2. Partly because of the attitudes I discussed in (1), the breakup of the country, or violence between the federal government and local authorities, has now become a possibility. Immigration is the flash point here. It is, of course, disgraceful that Republicans have for so long refused to do anything to legalize the status of millions of immigrants who are actively contributing to our society and who have lived here for at least a generation. Yet if we believe in the rule of law, and in the supremacy clause of our Constitution, I do not think it is in the power of big-city mayors to shield illegal immigrants from action by the federal government, any more than it was in the power of southern governments to stop integration. Already President Trump is also threatening to exceed his own powers with respect to this conflict. He has warned of cutting off all federal aid to "sanctuary cities," even though the Supreme Court in 2012 ruled that the federal government could only punish local authorities for infractions in this way by withholding money specifically related to those infractions. In my opinion, it's entirely possible that Steve Bannon, in particular, would be glad to unleash an armed conflict against liberal municipal authorities. Those authorities must ponder their courses of action carefully and try to enlist Congress in solving a very real problem.

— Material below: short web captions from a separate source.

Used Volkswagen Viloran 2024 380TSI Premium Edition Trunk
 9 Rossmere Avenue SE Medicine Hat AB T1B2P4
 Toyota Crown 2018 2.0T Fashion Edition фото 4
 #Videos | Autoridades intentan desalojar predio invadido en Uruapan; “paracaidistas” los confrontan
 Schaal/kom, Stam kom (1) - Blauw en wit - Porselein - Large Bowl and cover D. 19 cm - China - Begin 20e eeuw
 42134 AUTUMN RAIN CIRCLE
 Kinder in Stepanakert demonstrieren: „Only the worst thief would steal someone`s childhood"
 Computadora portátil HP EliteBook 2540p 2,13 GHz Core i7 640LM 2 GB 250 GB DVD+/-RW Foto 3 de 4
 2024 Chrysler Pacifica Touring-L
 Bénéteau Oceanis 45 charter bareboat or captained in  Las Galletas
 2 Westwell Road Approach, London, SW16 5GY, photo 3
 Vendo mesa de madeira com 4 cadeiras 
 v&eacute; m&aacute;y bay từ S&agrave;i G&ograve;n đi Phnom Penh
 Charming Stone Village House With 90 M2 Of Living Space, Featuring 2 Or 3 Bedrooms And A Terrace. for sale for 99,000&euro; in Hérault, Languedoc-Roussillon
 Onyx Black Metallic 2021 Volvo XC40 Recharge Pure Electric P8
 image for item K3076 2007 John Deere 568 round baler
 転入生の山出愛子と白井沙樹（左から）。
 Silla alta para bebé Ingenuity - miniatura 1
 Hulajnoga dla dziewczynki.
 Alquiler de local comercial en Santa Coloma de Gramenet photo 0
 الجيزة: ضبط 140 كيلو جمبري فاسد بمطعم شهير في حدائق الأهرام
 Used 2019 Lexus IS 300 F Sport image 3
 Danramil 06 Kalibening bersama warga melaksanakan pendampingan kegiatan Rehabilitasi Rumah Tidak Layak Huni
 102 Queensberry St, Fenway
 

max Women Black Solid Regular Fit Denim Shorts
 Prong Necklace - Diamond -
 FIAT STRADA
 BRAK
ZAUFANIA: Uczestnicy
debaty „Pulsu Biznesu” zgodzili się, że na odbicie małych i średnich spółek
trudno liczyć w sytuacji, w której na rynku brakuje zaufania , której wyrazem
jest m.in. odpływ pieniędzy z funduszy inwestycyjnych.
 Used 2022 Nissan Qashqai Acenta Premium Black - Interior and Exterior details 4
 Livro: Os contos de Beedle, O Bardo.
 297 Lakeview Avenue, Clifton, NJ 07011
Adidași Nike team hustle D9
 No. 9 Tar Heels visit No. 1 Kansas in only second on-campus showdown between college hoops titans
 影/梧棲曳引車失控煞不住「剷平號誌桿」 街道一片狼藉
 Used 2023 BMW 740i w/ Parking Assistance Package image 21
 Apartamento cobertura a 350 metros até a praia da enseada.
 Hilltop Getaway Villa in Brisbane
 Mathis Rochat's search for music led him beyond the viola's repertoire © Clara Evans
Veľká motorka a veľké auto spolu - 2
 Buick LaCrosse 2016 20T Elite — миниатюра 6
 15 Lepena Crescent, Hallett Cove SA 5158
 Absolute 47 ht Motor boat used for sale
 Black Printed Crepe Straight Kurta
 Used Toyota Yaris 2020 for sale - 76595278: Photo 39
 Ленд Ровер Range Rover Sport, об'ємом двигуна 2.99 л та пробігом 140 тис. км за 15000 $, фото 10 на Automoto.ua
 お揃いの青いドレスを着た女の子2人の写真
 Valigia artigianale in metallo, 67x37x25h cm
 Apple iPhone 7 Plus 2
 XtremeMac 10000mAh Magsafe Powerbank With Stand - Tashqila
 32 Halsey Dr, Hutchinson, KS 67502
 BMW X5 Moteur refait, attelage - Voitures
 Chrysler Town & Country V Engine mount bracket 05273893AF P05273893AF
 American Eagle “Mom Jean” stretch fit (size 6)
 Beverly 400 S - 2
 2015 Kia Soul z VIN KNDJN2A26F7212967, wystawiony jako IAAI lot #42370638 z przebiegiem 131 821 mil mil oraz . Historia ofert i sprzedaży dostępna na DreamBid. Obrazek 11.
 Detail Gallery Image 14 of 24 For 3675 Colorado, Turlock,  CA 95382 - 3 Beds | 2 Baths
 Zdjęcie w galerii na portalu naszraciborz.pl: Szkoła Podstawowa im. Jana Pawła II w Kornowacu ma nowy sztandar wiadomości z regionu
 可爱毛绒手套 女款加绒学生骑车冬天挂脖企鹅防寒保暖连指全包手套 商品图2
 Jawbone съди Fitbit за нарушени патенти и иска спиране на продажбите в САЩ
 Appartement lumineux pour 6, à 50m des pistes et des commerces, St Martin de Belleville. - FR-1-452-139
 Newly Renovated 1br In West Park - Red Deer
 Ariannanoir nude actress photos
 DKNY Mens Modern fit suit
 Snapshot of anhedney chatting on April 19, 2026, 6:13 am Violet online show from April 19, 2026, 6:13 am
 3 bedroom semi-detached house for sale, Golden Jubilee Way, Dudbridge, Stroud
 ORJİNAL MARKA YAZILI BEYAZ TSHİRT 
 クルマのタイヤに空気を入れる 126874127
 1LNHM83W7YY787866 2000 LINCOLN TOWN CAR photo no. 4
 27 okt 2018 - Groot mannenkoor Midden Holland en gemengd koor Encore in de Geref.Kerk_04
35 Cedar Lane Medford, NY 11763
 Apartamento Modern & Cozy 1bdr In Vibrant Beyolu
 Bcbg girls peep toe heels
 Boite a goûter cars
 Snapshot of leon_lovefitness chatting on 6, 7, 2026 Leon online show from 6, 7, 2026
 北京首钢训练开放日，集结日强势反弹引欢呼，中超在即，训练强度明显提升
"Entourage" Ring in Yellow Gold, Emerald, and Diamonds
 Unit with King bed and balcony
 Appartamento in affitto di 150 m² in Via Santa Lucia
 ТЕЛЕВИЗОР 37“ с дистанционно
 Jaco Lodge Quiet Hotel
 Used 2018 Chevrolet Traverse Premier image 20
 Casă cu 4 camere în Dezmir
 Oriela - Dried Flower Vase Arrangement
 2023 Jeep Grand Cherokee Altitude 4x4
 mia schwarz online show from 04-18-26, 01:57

3. Finally, as I indicated last week, another problem of a different character faces us. Like William II of Germany, Donald Trump may rather quickly turn out to be intellectually and emotionally unfit to be President of the United States. His decision to push for an investigation of non-existent massive vote fraud suggests that he is counting on the federal government to act out his irresponsible fantasies. The ABC interview that will screen this evening is not reassuring. If serious bipartisan opposition to Trump emerges, I think it will be on those grounds. But if Democrats want civic virtue to prevail over partisanship among Republicans, they had better set a good example.